0

I would like to parse some syslog lines that they look like

Oct 20 16:34:59 artguard TTN-xxxxxxxxxxxxxxxxxxxxxxxxxxxxx

I would like to turn them into

TTN-xxxxxxxxxxxxxxxxxxxxxxxxxxxxx

So I was wondering how the regular expression should look like that would allow me to do so, since the first part will change every day, because it is appended by the syslog.

EDIT: to avoid duplicated, I am trying to use REGEX with filebeat, where no all regex are supported as explained here

Cœur
  • 37,241
  • 25
  • 195
  • 267
ndarkness
  • 1,011
  • 2
  • 16
  • 36
  • if `TTN-` is always there just use that as your anchor in search. `TTN-.*$` – abc123 Oct 20 '16 at 15:07
  • Possible duplicate of [Learning Regular Expressions](http://stackoverflow.com/questions/4736/learning-regular-expressions) – Biffen Oct 20 '16 at 16:16
  • @abc123 then the first part, wouldn´t the date plus time before the TTN- affect? – ndarkness Oct 20 '16 at 18:53
  • @ndarkness you don't have to match a whole string with regex, in the above i'm just searching for the first instance for `TTN- ` than any character any number of times including 0 until the end of line. – abc123 Oct 20 '16 at 18:56
  • @abc123 ok thanks! But then, the date will be included as well as part of the whole matched string, right? – ndarkness Oct 20 '16 at 19:00
  • @ndarkness, No since we are not searching for it in the regex, however you can also just gather specific things by using capture groups `()` for example `TTN-(.*$)` this will make it so that the capture group 1 contains everything after TTN-. It will not contain anything else. – abc123 Oct 20 '16 at 19:21
  • @abc123 thanks it does work perfectly, `TTN-.*$` – ndarkness Oct 21 '16 at 06:57

2 Answers2

1

The regular expression TTN-\S* is probably a way of doing what you're looking for, here it is in a java-script example.

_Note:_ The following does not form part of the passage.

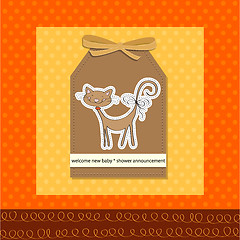 Image showing new baby shower card with cat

 var value = "Oct 20 16:34:59 artguard TTN-xxxxxxxxxxxxxxxxxxxxxxxxxxxxx";
var matches = value.match(
     new RegExp("TTN-\\S*", "gi")
);
document.writeln(matches);

It works in two main parts:

  1. The TTN- matches TTN- (obviously)
  2. The \S* matches any character that is not a white-space, this is done as many times as possible.

Currently it is always expecting atleas a '-' after the TTN but if you repace the '-' with a '-{01}' in the regex it will expect TNN maybe a dash followed by 0-n characters that are not a white-space. You could also replace \S* with \w* to get all the letters and digits or .* to get all characters apart from end of line /n character, TNN-\S*[^\s{2}] too end the match with two spaces. Hope this was helpful.

milo.farrell
  • 662
  • 6
  • 19
  • thanks, the dash would be always present after TTN string, however the strig xxxxxxxxxxxxxxxxxxxxxxxxx will contain for sure white spaces, will they make fail the regex? – ndarkness Oct 20 '16 at 18:57
  • if my filebeat regex doesn´t support `\S`as regex then I cannot use your solution,right? – ndarkness Oct 20 '16 at 19:08
  • Yes, is there something that will signal the end of the xxxxxx e.g a double space, end of file, end of line. For example replace \s* with .* to match all bar /n , newline. – milo.farrell Oct 20 '16 at 19:15
1

Regex101

(TTN-.*$)

Regular expression visualization

Debuggex Demo

Explained

1st Capturing Group (TTN-.*$)
    TTN- matches the characters TTN- literally (case sensitive)
    .* matches any character (except for line terminators)
        * Quantifier — Matches between zero and unlimited times, as many times as possible, giving back as needed (greedy)
    $ asserts position at the end of a line
Global pattern flags
    g modifier: global. All matches (don't return after first match)
    m modifier: multi line. Causes ^ and $ to match the begin/end of each line (not only begin/end of string)
abc123
  • 17,855
  • 7
  • 52
  • 82